= INSTRUCTIONS FOR THE TASK =
Return each record verbatim, images excluded.

[Short descriptive text snippets]
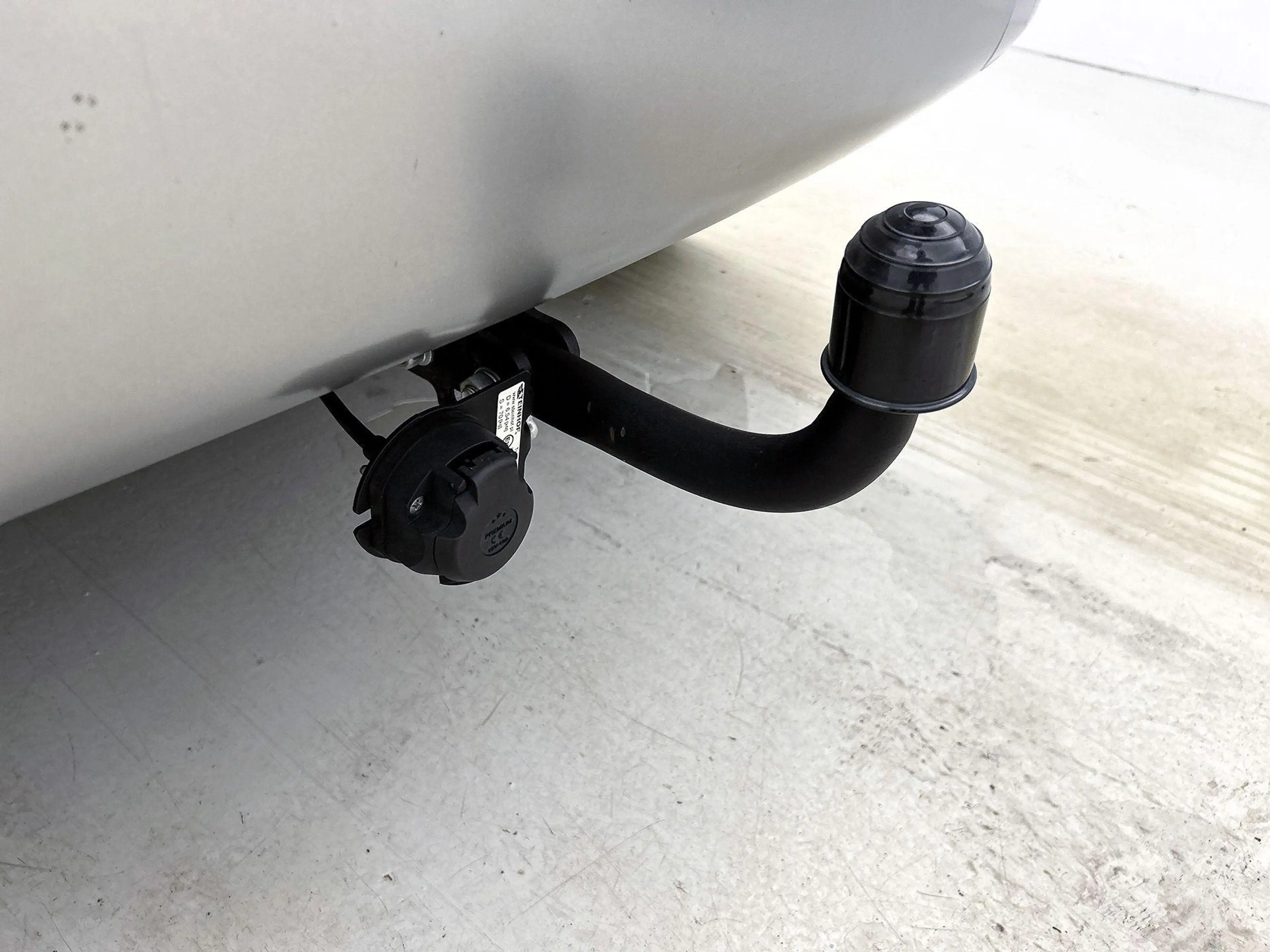 Opel Crossland X 1.2 Turbo Online Edition — photo 8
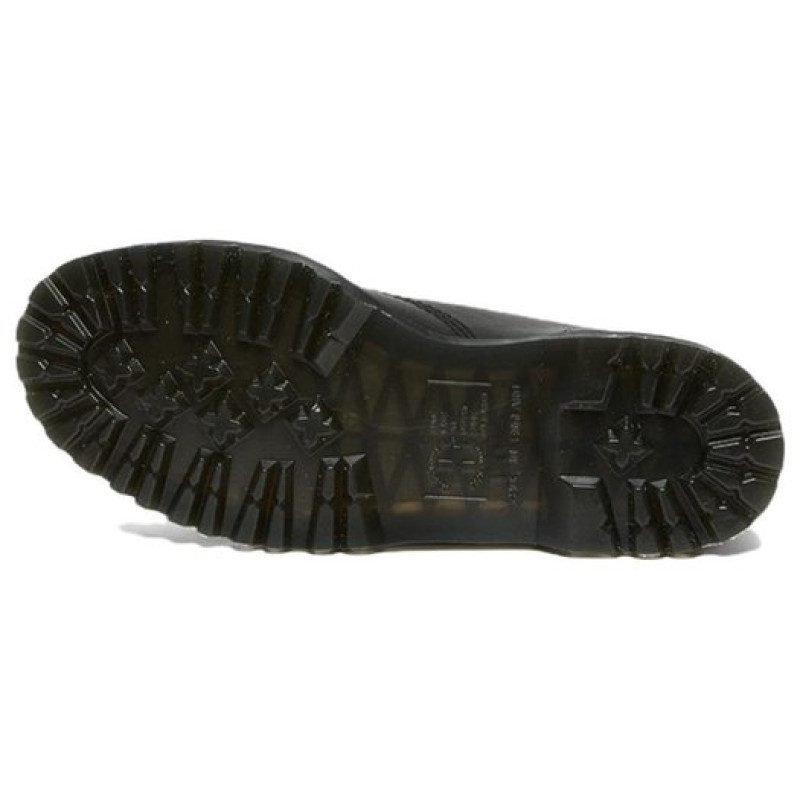 Dr.Martens 8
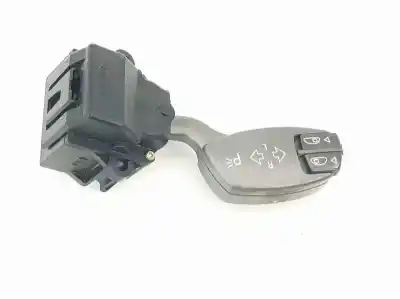 Автозапчасти б/у прерывный контроль за bmw 7 (e65, e66, e67) 745 i, li ссылки oem iam 61316911516
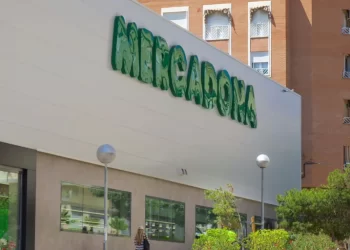 Horarios de Mercadona para el lunes 24 de junio en la Comunidad Valenciana>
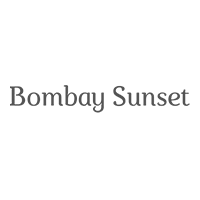 bombay_sunset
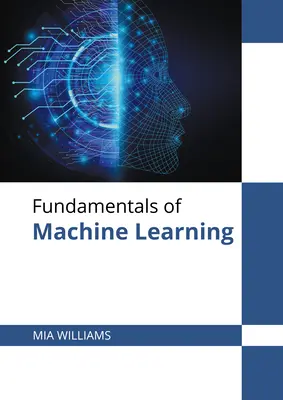 Bazele învățării automate - Fundamentals of Machine Learning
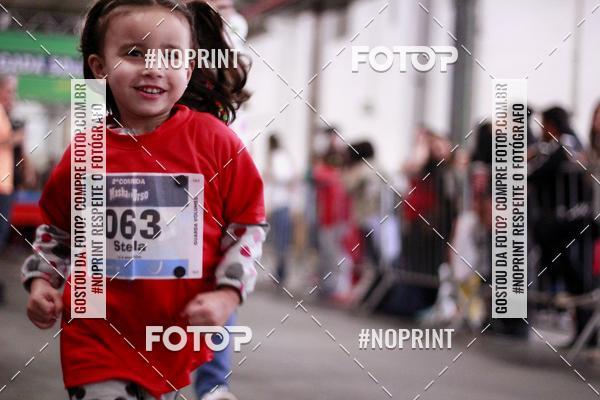 Buy your photos of the event2� Corrida Infantil Masha e o Urso on Fotop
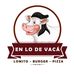 Profile Picture of Raúl Santacruz (@raul.santacruz.9469) on Facebook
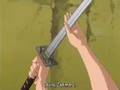 videos de zanpakutohs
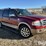 2014-ford-expedition-image-3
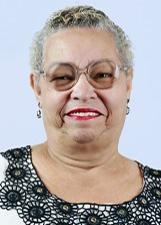 Foto de Maria Aparecida Siqueira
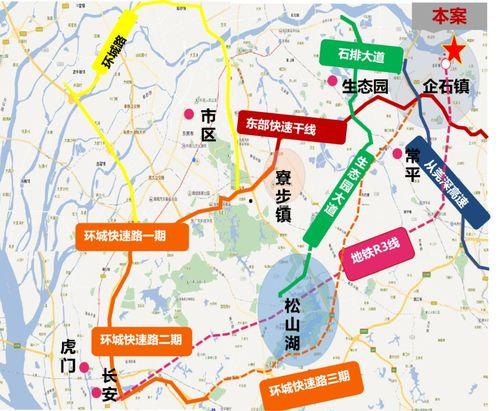 石塘镇最新爆料信息查询,揭秘神秘事件背后的真相  第2张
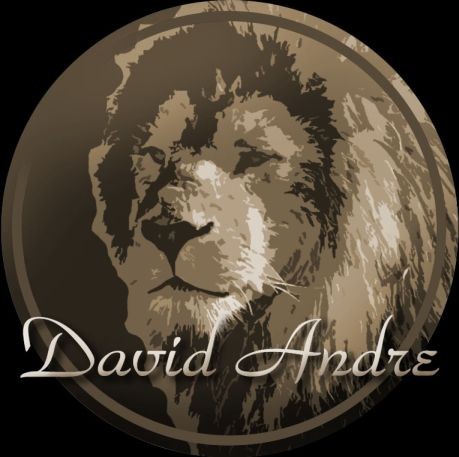 David Andre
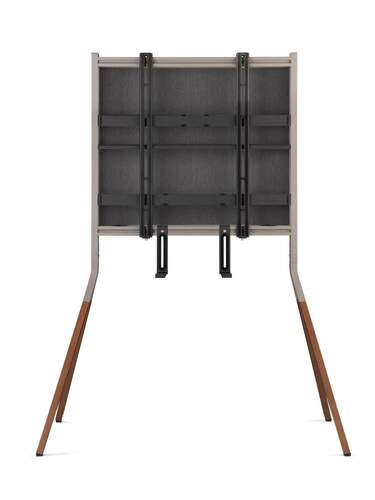 Soporte One for All WM7481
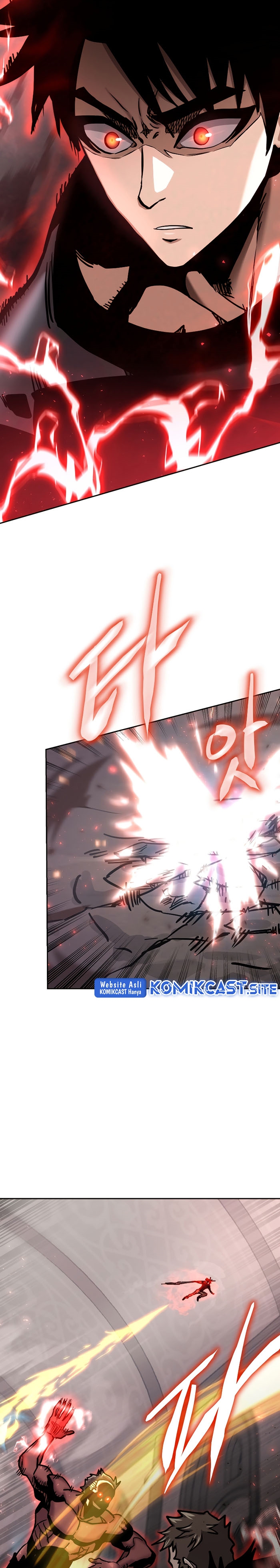 Dilarang COPAS - situs resmi www.mangacanblog.com - Komik player from today onwards 065 - chapter 65 66 Indonesia player from today onwards 065 - chapter 65 Terbaru 32|Baca Manga Komik Indonesia|Mangacan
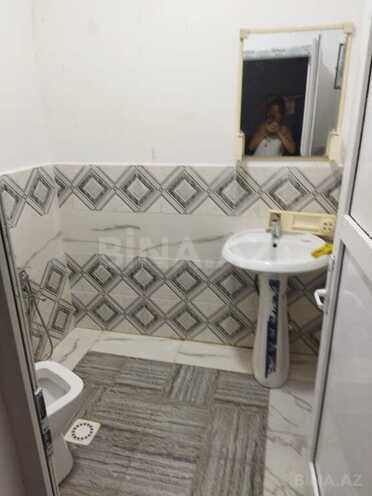 2-комн. дом/дача - пос. Биладжары - 80 м² (6)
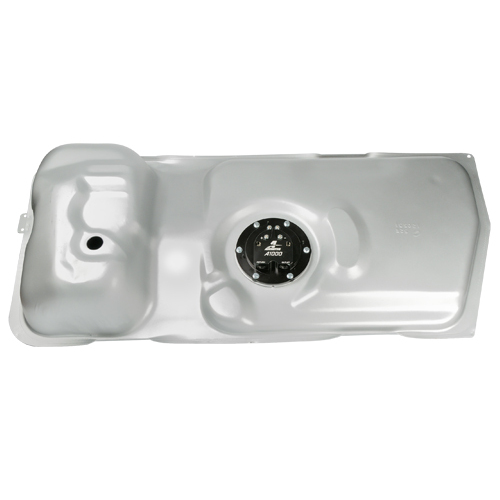 AEROMOTIVE 86-98.5 A1000 Fox Body Stealth Fuel Tank(18685)
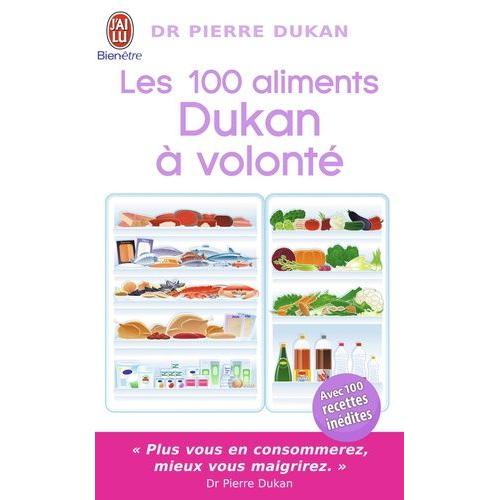 Régime Dukan: Perdre du Poids de Manière Saine?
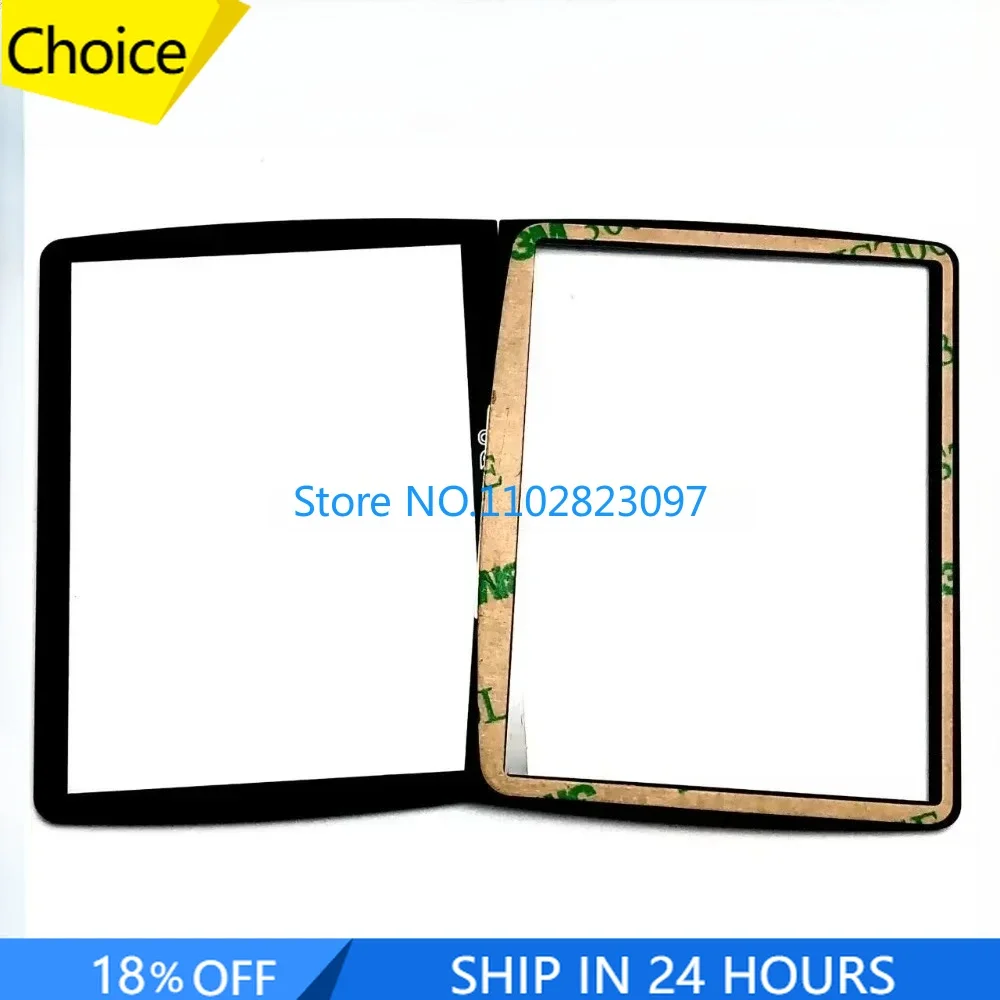 New For Canon Eos D…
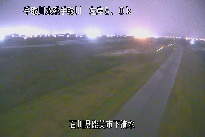 下清水 のカメラ画像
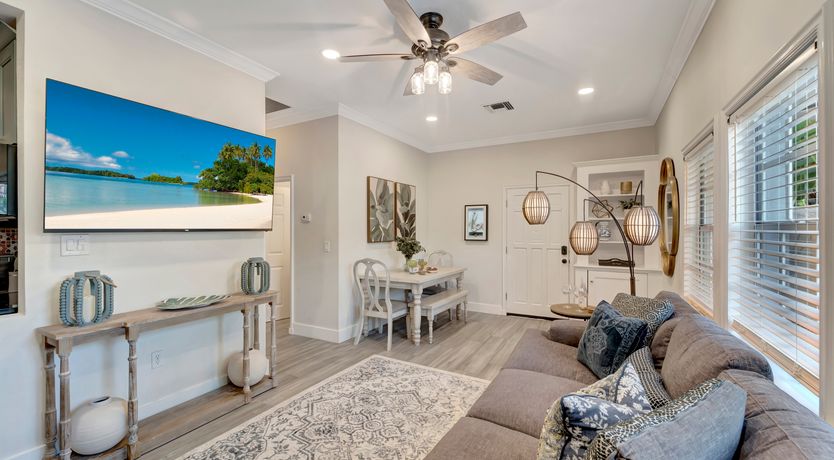 Photo of Sarasota Oasis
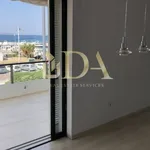 Κατοικία - Διαμέρισμα - Διαμέρισμα - Da estate - Your real estate agency,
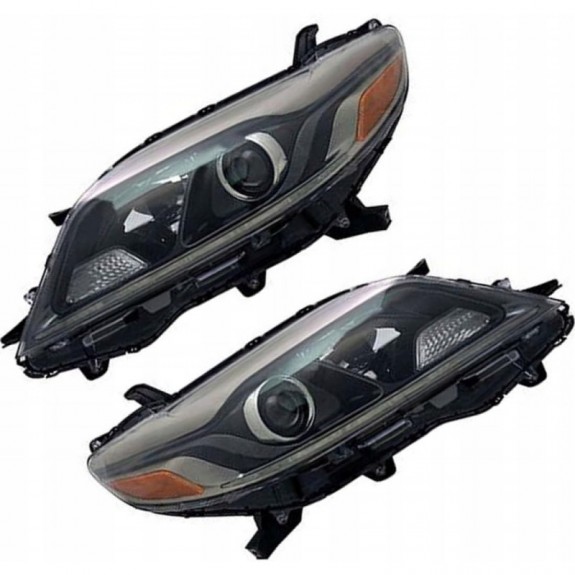 toyota-sienna-siena-se-premium-2015-20-lampa-reflektor-prawy-lewy-czarny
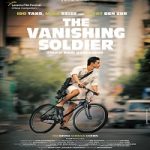 Film The Vanishing Soldier 2024 dengan subtitle Indonesia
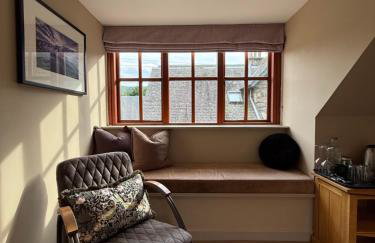 Craigatin House & Courtyard - Foto 11
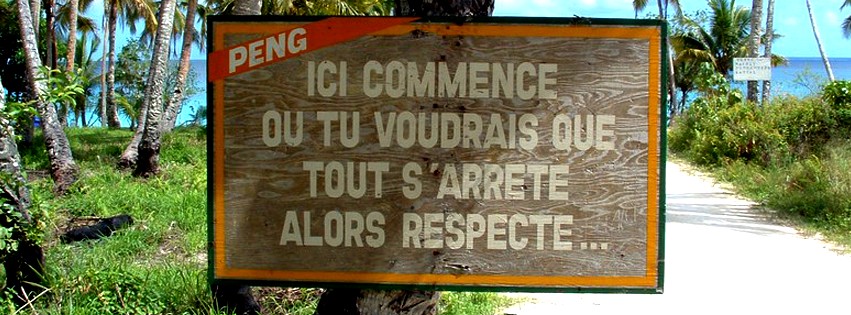 Petit panneau sympa .jpg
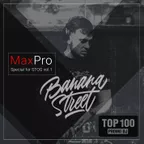 MaxPro - Special for STOG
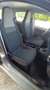 Volkswagen up! up! 5p 2020 5p 1.0 eco Move 68cv - NEOPATENTATI Grigio - thumbnail 13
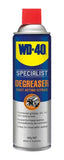 WD-40 Specialist Fast Acting Citrus Degreaser, 400g - 21003 (Pickup Only)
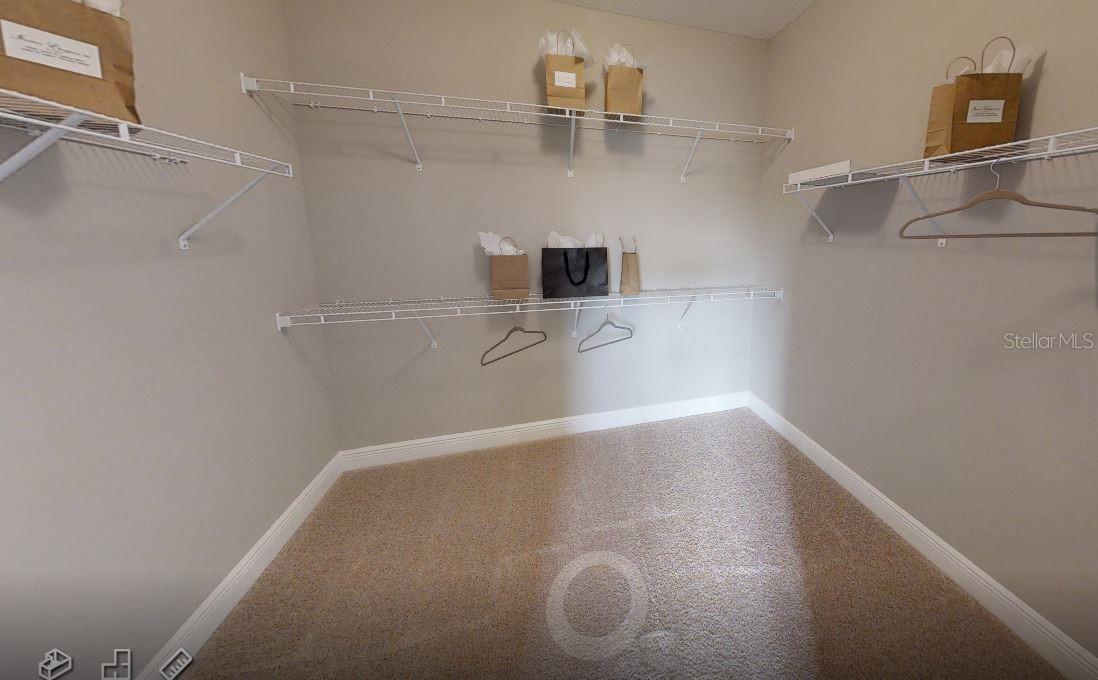 NORTH PORT CHARLOTTE ESTATES ADD 01 - Residential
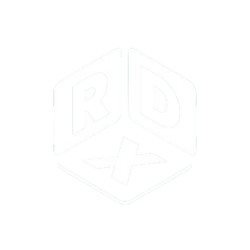 RDX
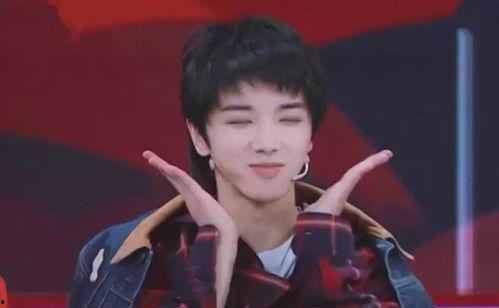 娱乐圈吃瓜爆料华晨宇,揭秘明星背后的故事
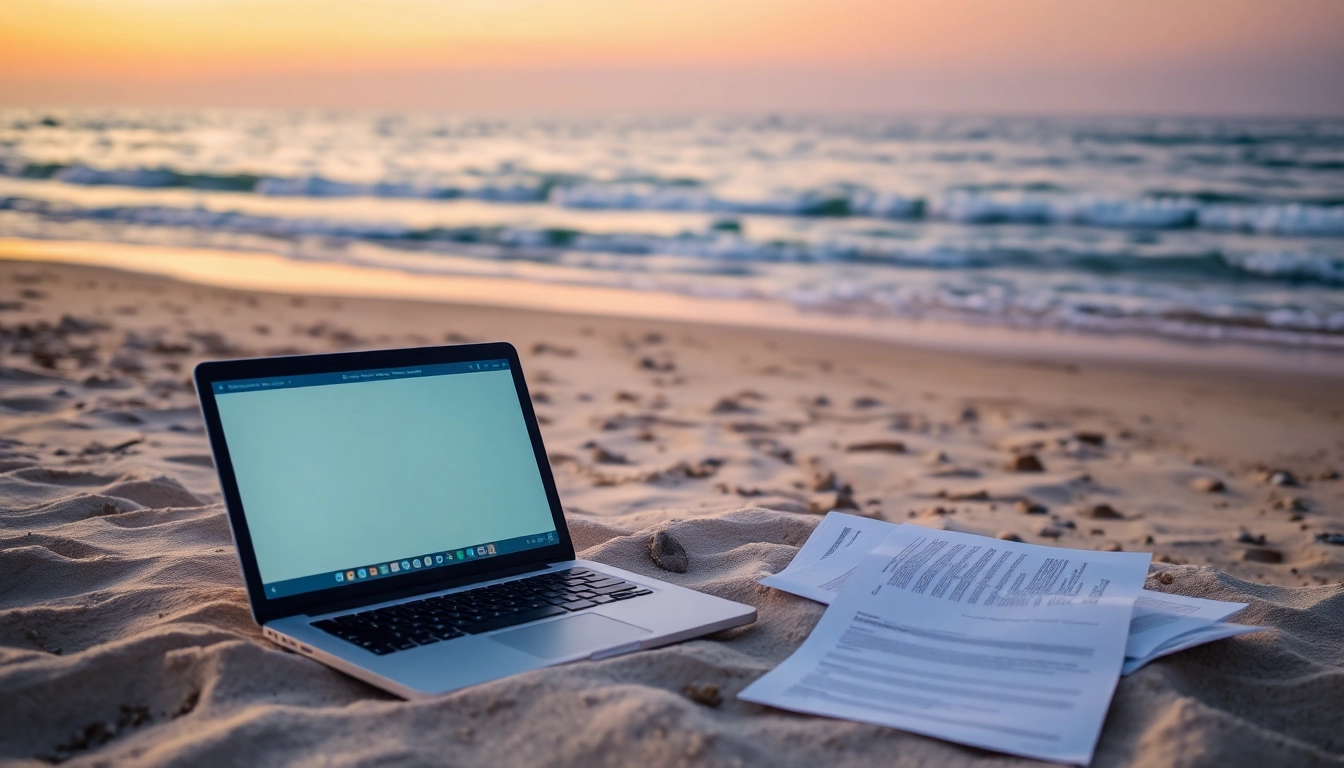 Automate contract review and analysis with our AI-powered NLP solution, tailored to the unique needs of the travel industry.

= ANSWER TO THIS PROBLEM =
 Opel Crossland X 1.2 Turbo Online Edition — photo 8
 Dr.Martens 8
 Автозапчасти б/у прерывный контроль за bmw 7 (e65, e66, e67) 745 i, li ссылки oem iam 61316911516
 Horarios de Mercadona para el lunes 24 de junio en la Comunidad Valenciana>
 bombay_sunset
 Bazele învățării automate - Fundamentals of Machine Learning
 Buy your photos of the event2� Corrida Infantil Masha e o Urso on Fotop
 Profile Picture of Raúl Santacruz (@raul.santacruz.9469) on Facebook
 videos de zanpakutohs
 2014-ford-expedition-image-3
 Foto de Maria Aparecida Siqueira
 石塘镇最新爆料信息查询,揭秘神秘事件背后的真相  第2张
 David Andre
 Soporte One for All WM7481
 Dilarang COPAS - situs resmi www.mangacanblog.com - Komik player from today onwards 065 - chapter 65 66 Indonesia player from today onwards 065 - chapter 65 Terbaru 32|Baca Manga Komik Indonesia|Mangacan
 2-комн. дом/дача - пос. Биладжары - 80 м² (6)
 AEROMOTIVE 86-98.5 A1000 Fox Body Stealth Fuel Tank(18685)
 Régime Dukan: Perdre du Poids de Manière Saine?
 New For Canon Eos D…
 下清水 のカメラ画像
 Photo of Sarasota Oasis
 Κατοικία - Διαμέρισμα - Διαμέρισμα - Da estate - Your real estate agency,
 toyota-sienna-siena-se-premium-2015-20-lampa-reflektor-prawy-lewy-czarny
 Film The Vanishing Soldier 2024 dengan subtitle Indonesia
 Craigatin House & Courtyard - Foto 11
 Petit panneau sympa .jpg
 MaxPro - Special for STOG
 Volkswagen up! up! 5p 2020 5p 1.0 eco Move 68cv - NEOPATENTATI Grigio - thumbnail 13
 WD-40 Specialist Fast Acting Citrus Degreaser, 400g - 21003 (Pickup Only)
 NORTH PORT CHARLOTTE ESTATES ADD 01 - Residential
 RDX
 娱乐圈吃瓜爆料华晨宇,揭秘明星背后的故事
 Automate contract review and analysis with our AI-powered NLP solution, tailored to the unique needs of the travel industry.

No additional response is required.